Even the best pitchers have bad nights, though, and with an extra serving of slow hook from Bobby Valentine, turning it into an unmitigated disaster.

While the damage started slowly for Buchholz--two runs in the third inning on a couple flairs and a ground ball--it became clear in the fourth and fifth innings that it was not his night. A pair of doubles and singles cost him two more in the fourth, and only Pedro Ciriaco catching Chris Iannetta at the plate on a fielders choice after a leadoff walk and single saved the Sox from more damage.

Bobby Valentine, however, was out for one more inning. And then after a Howie Kendrick homer, one more batter. And after a Miacer Izturis single, one more batter. Only the third hit of the frame managed to wake the manager from his slumber, but Junichi Tazawa couldn't keep Buchholz' runners out.
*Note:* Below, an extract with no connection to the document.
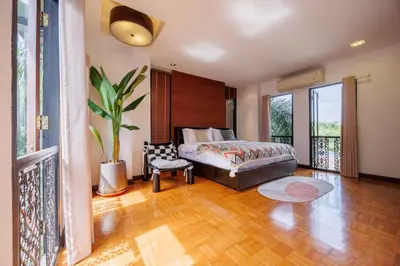 a bedroom with a bed and a potted plant at \u83f2\u65af\u4e4b\u57ce\u66fc\u8c371200\u5e73\u7687\u5bb6\u68ee\u7cfb\u6cf3\u6c60\u6d3e\u5bf9\u522b\u5885 in Bangkok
Offensively, it wasn't the best night either, though it's perhaps better than it seems from the run total. Jacoby Ellsbury seemed completely lost at the plate until singling in his last at bat, Adrian Gonzalez is on a mini-slump, and for all that the Sox were able to pick up hits, they scattered them around too widely, leaving them with just three runs for their 13 baserunners.

Rarely do we expect much out of the Red Sox these days, but Buchholz starts had been the one time for some optimism. Today, it just served to build us up for the fall.